**What you should do:**
Pictures appear among the records below and must be omitted. Repeat exactly the lines from the line with "cidade-main bazar, do" to the line with "2003-2006 Cadillac Escalade", both included.

**Supplied data:**
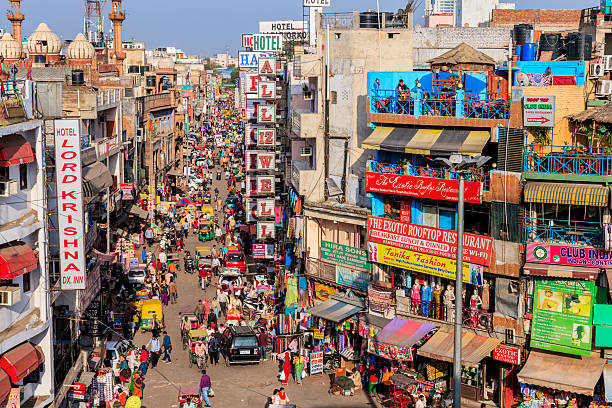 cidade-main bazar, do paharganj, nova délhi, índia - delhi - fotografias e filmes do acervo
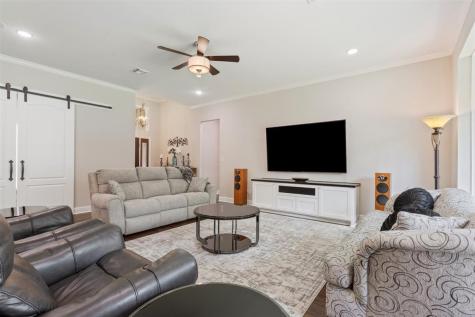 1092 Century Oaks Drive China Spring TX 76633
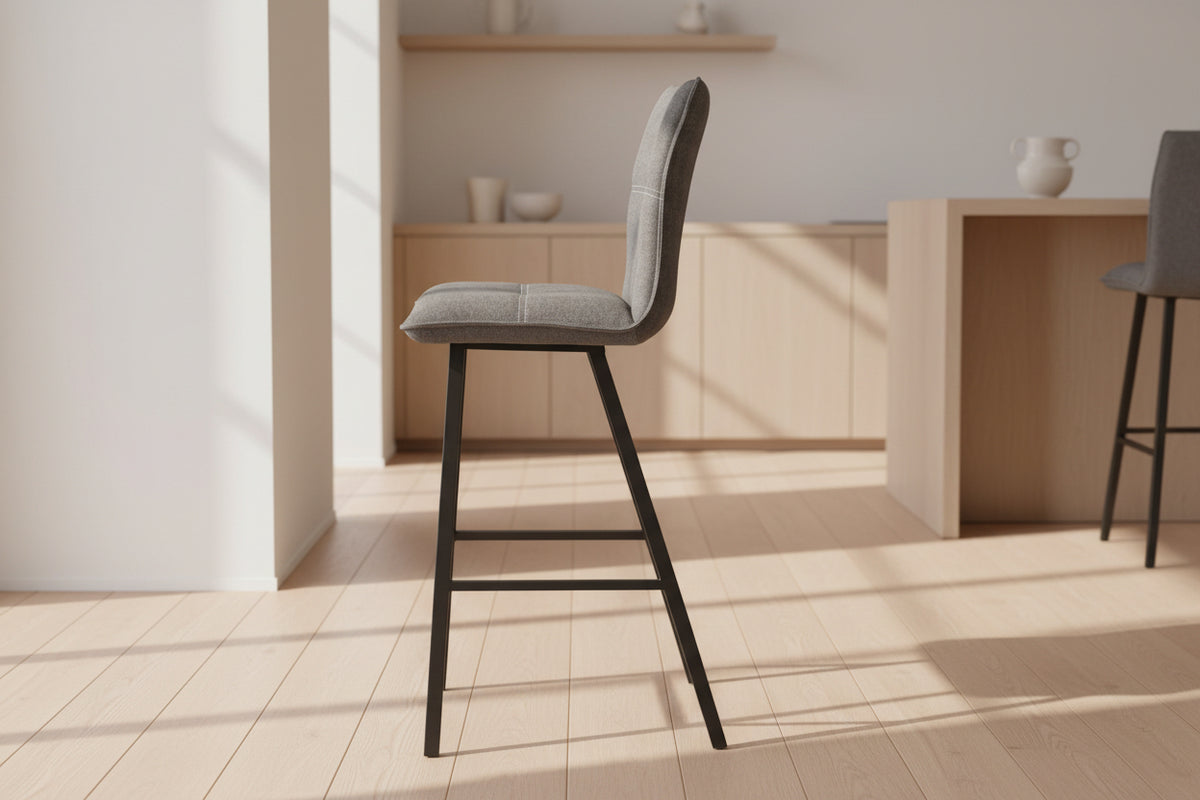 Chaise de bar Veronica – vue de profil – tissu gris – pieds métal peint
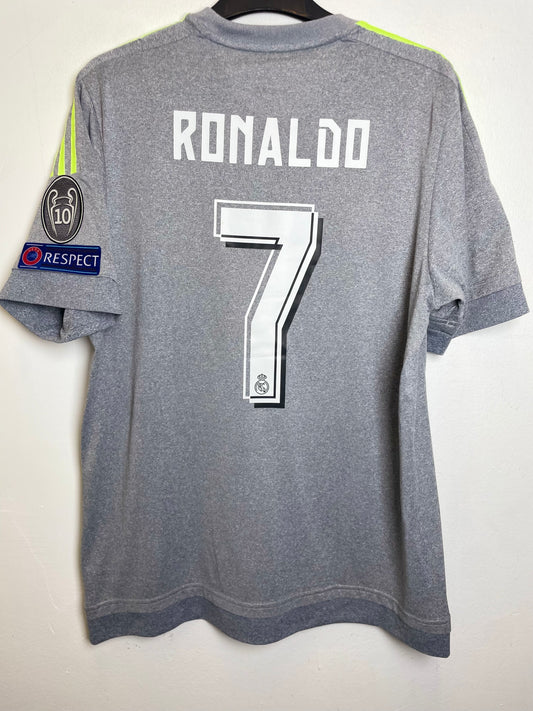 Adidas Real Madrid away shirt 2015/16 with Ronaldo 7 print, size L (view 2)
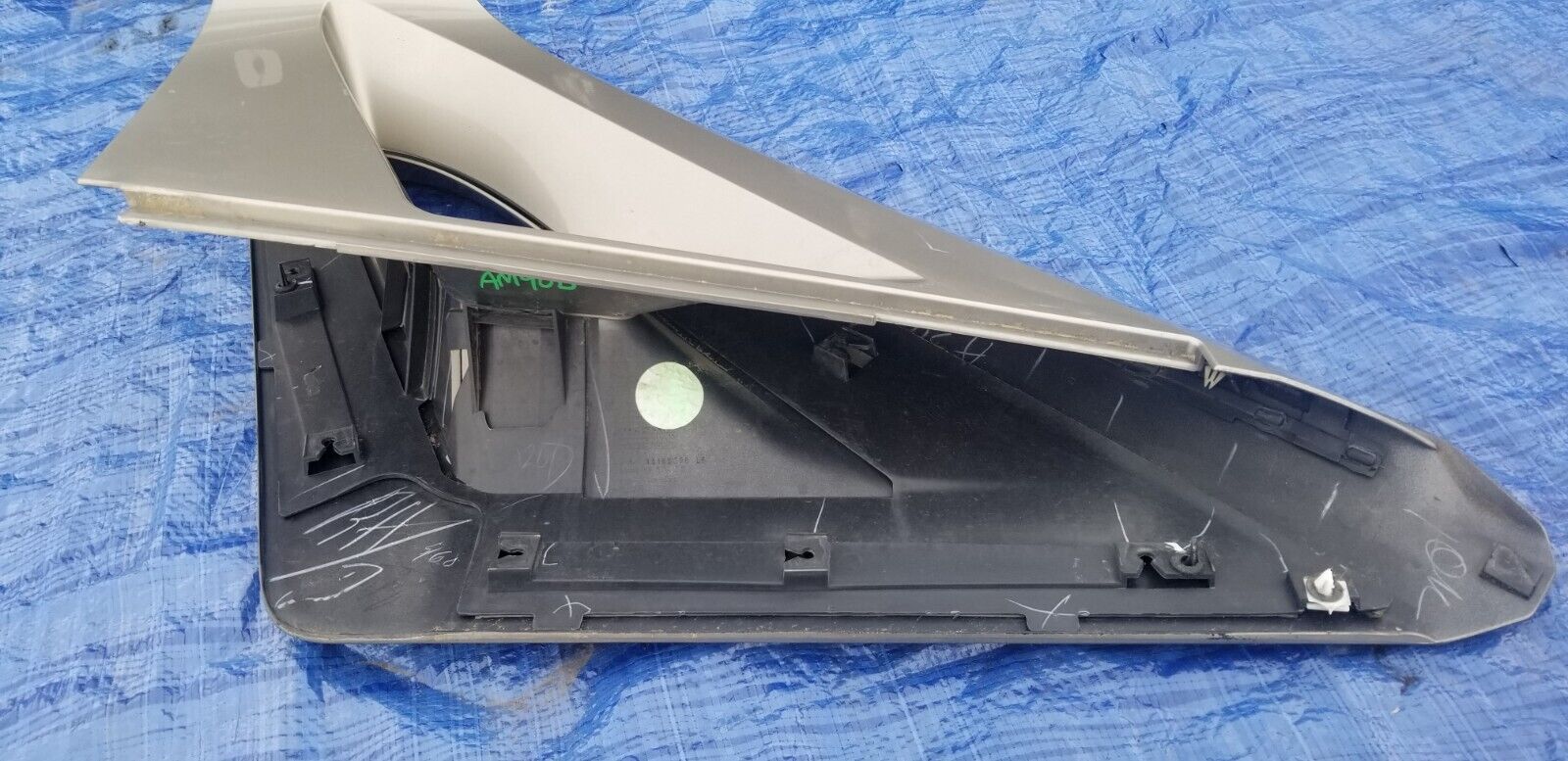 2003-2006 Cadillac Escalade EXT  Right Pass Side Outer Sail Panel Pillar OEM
--
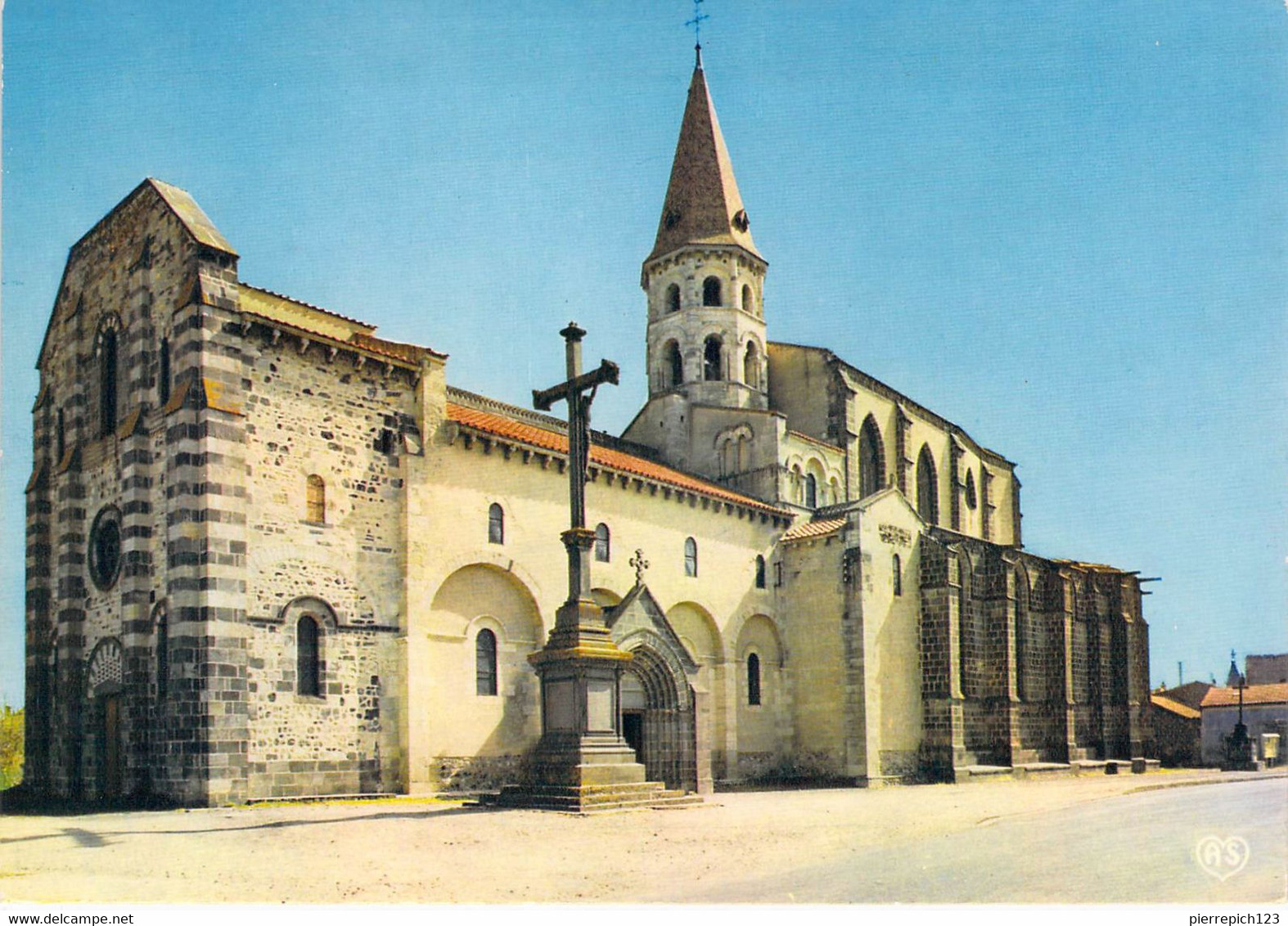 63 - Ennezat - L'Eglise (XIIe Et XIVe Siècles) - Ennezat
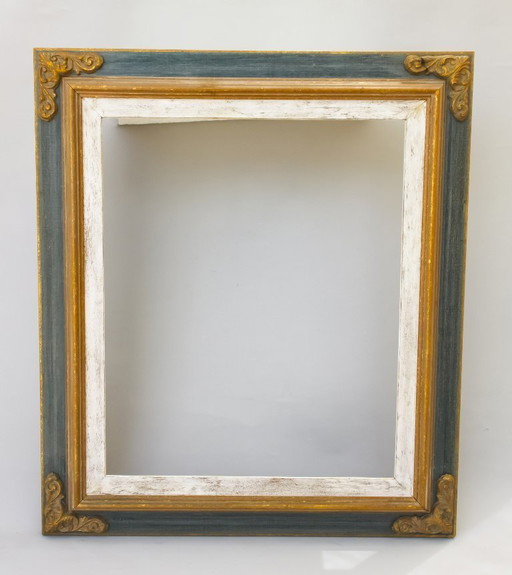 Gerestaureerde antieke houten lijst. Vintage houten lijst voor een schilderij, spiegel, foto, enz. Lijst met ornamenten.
* * *
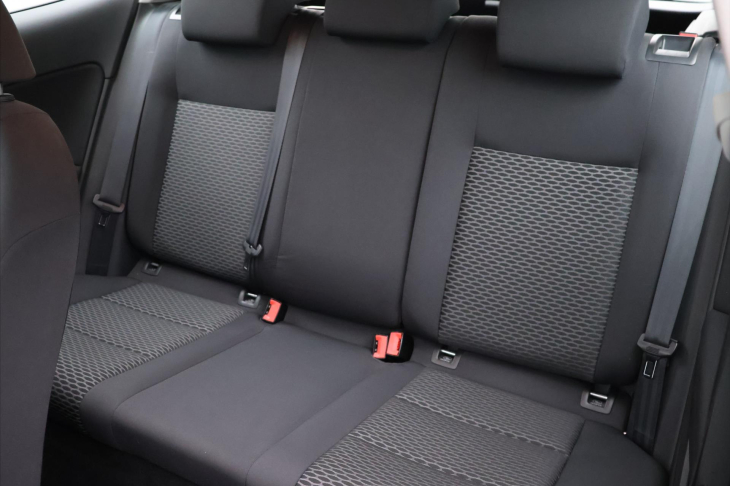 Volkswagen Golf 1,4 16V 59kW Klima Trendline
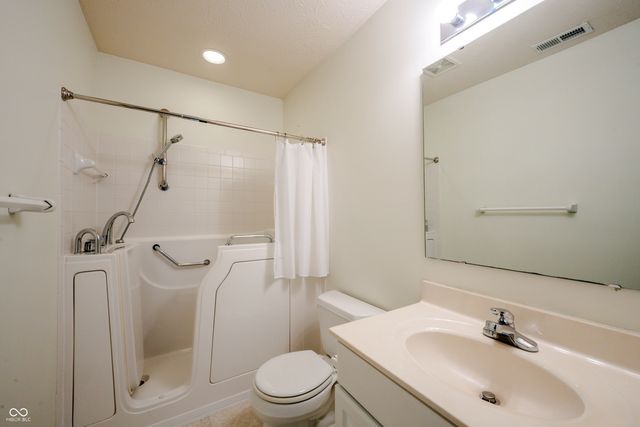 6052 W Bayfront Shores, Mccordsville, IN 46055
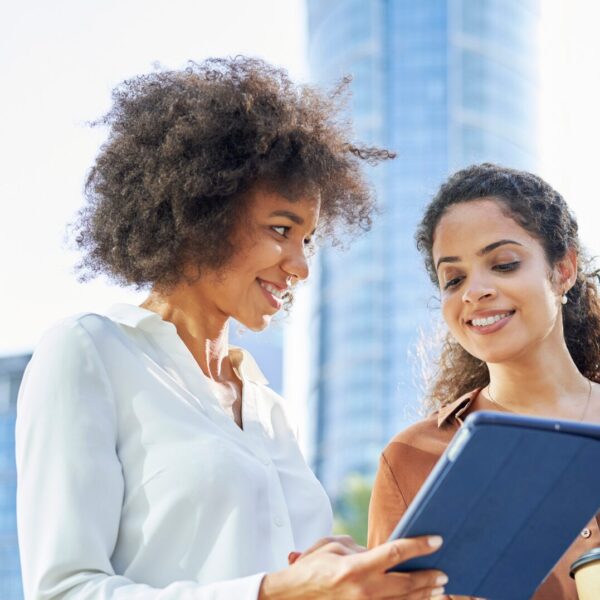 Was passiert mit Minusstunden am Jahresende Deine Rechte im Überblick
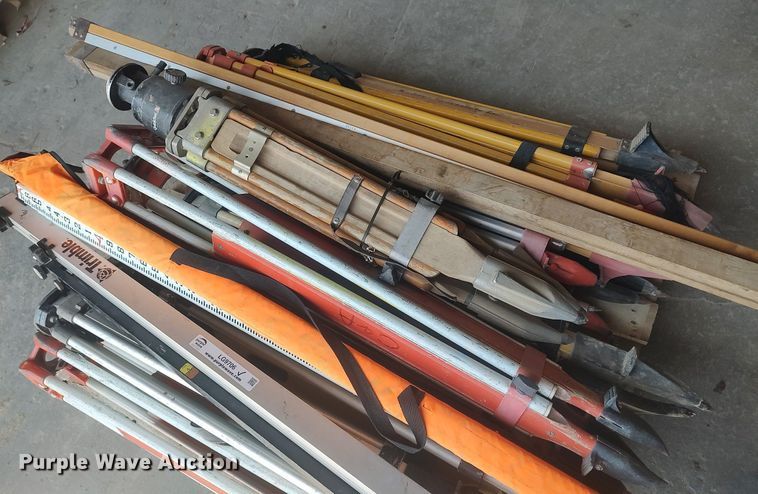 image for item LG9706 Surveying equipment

**Response:**
 cidade-main bazar, do paharganj, nova délhi, índia - delhi - fotografias e filmes do acervo
 1092 Century Oaks Drive China Spring TX 76633
 Chaise de bar Veronica – vue de profil – tissu gris – pieds métal peint
 Adidas Real Madrid away shirt 2015/16 with Ronaldo 7 print, size L (view 2)
 2003-2006 Cadillac Escalade EXT  Right Pass Side Outer Sail Panel Pillar OEM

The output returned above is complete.